Please set down only the lines running from the one with "Набор бит TORX" through the last line of the entries, exactly as written and without any pictures.

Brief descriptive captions
[Start of section]

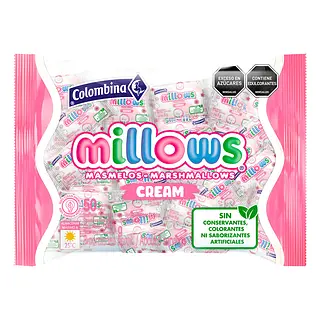Masmelo Millows Cream 50Unx225Gr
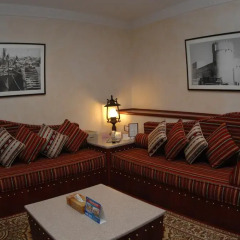 Отель Al Liwan Suites 4* Люкс с двуспальной кроватью фото 3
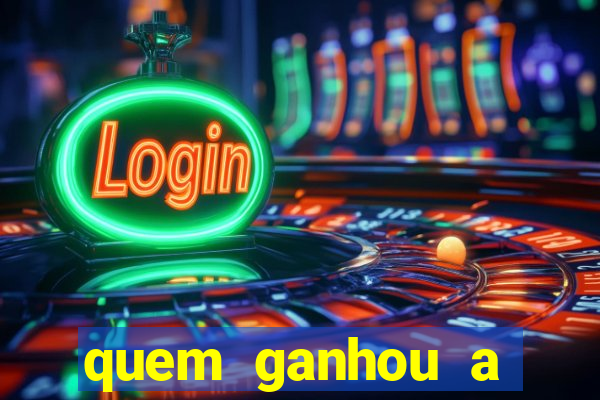 quem ganhou a guerra santa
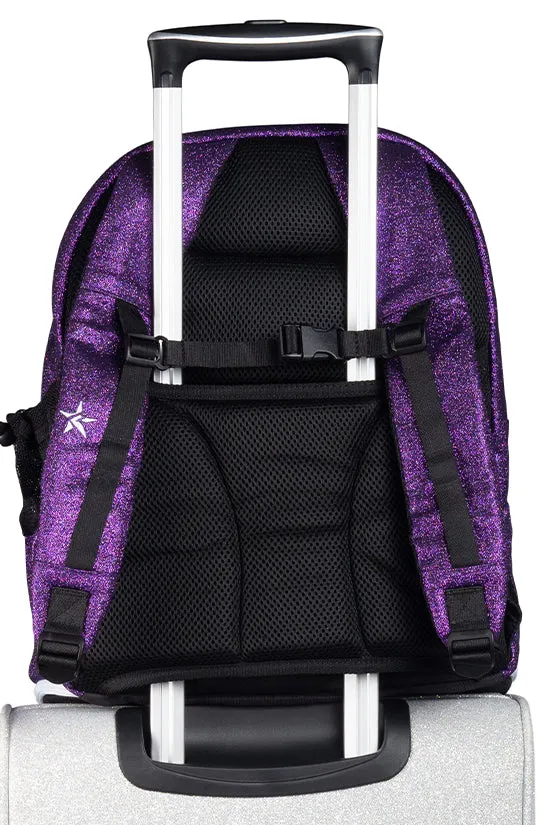 Amethyst Rebel Dream Bag Plus with White Zipper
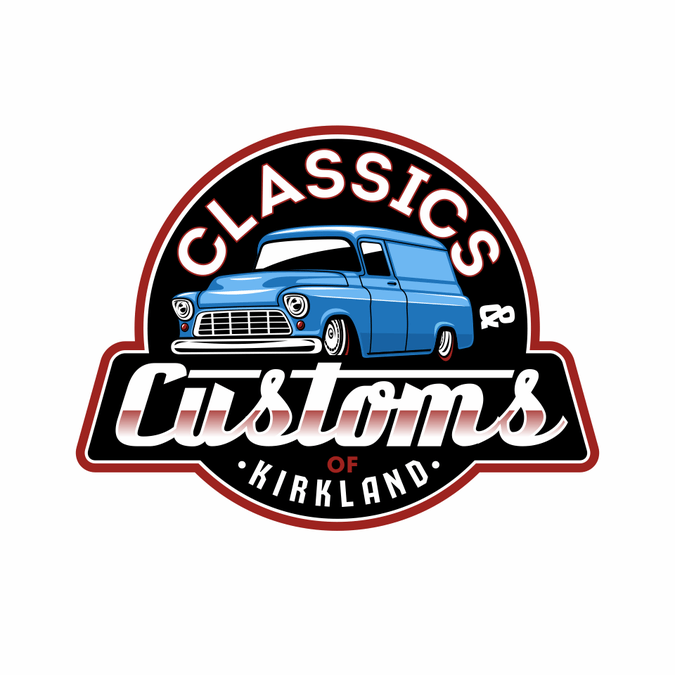 Custom Auto Shop Logo - Classic Car & Custom Auto Shop Needs Awesome New Logo! | Concours ...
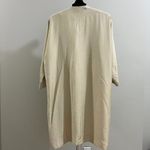 Johnny Was NWOT  Bamboo KIMONO Embroidered Beaded sequins Floral Coat Jacket Sz S Photo 12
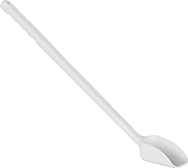 Image of Product. Front orientation. Scoops. Sterile Plastic Scoops, Style D.
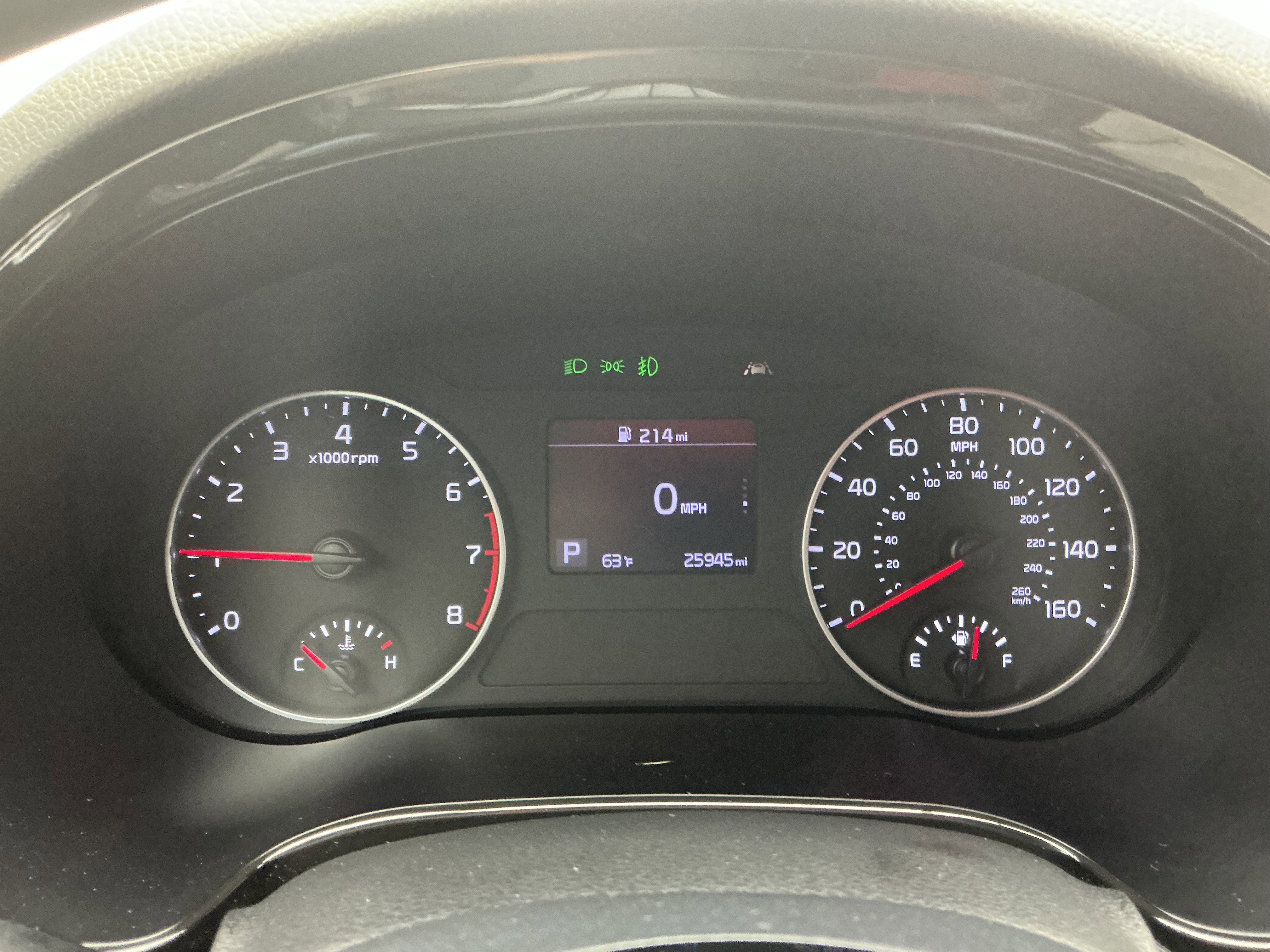 Used 2023 Gravity Gray Kia EX image 11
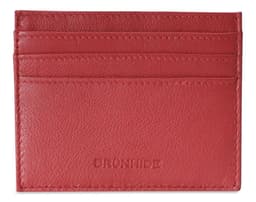 image-Brunhide Slim 100% Soft Leather Credit Card Holder - 254-300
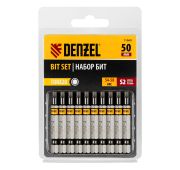 Набор бит TORX 20х50, сталь S2, шестигранный профиль, 10 шт.// Denzel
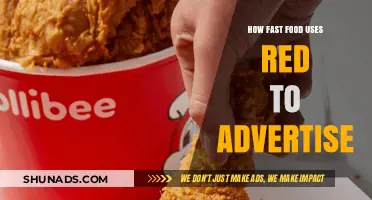 Red's Role in Fast Food Advertising: Psychology and Branding Strategies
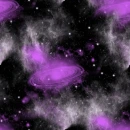 Seamless Galaxy Tile Background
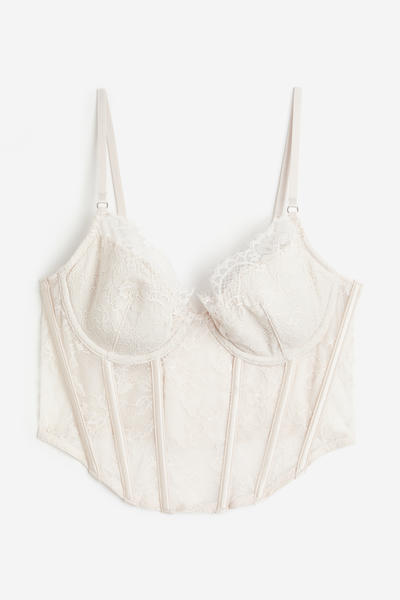 Padded corsette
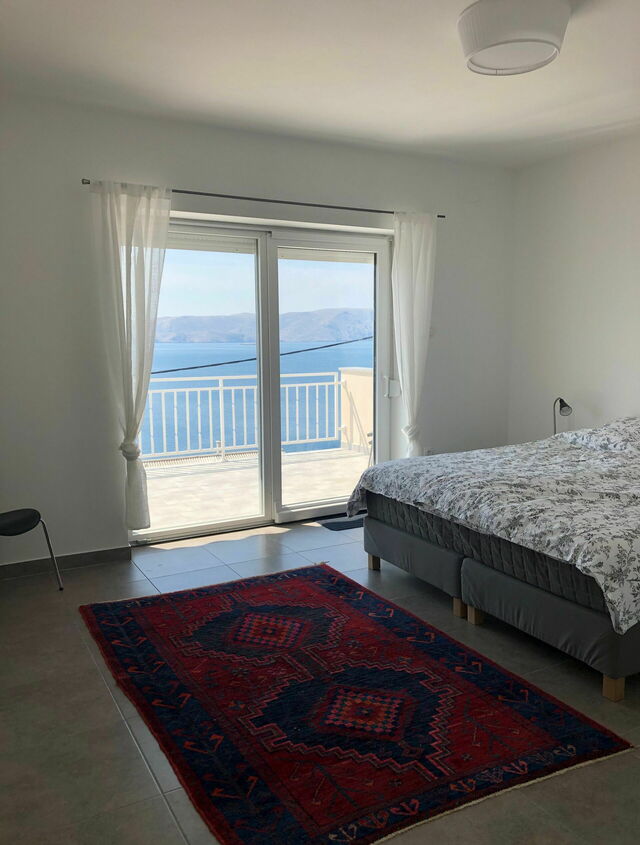 Villa Gustav Apartamento Superior, Dormitorio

[End of section]

▶ Solution to the problem:
 Набор бит TORX 20х50, сталь S2, шестигранный профиль, 10 шт.// Denzel
 Red's Role in Fast Food Advertising: Psychology and Branding Strategies
 Seamless Galaxy Tile Background
 Padded corsette
 Villa Gustav Apartamento Superior, Dormitorio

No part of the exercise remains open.